As soon as the line containing "Подушка Шоколадный торт с ягодами" appears in the material below, start returning lines exactly, and end with the line containing "-和平菓局(王府井店)".

ENTRIES PROVIDED ▸
☆ ☆ ☆ ☆

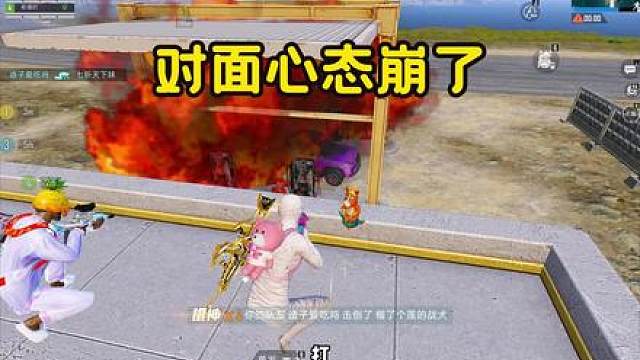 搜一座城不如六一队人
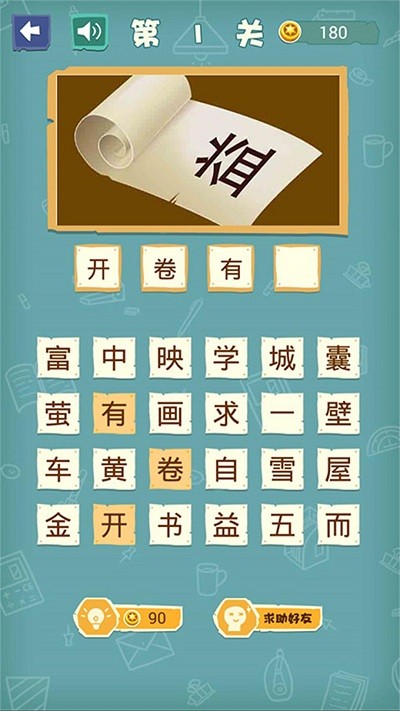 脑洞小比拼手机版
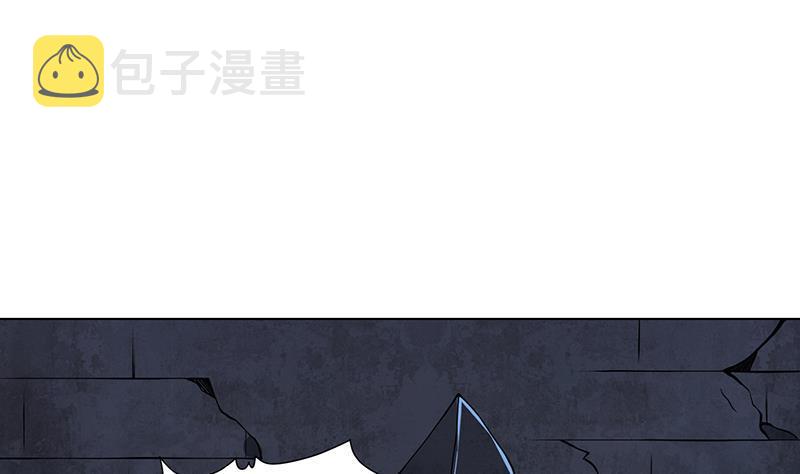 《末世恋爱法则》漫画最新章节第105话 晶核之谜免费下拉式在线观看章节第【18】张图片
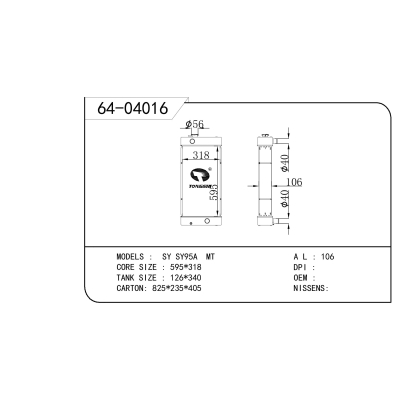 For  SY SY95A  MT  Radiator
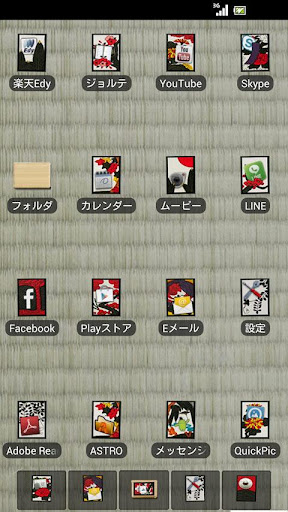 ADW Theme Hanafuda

☆ ☆ ☆ ☆

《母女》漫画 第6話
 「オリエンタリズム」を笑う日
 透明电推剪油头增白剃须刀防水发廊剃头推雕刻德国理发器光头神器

☆ ☆ ☆ ☆

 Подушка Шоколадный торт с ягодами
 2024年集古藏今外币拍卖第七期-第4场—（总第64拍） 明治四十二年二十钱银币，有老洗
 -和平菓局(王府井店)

☆ ☆ ☆ ☆

SOLUTION BELOW ▸
 Подушка Шоколадный торт с ягодами
 2024年集古藏今外币拍卖第七期-第4场—（总第64拍） 明治四十二年二十钱银币，有老洗
 -和平菓局(王府井店)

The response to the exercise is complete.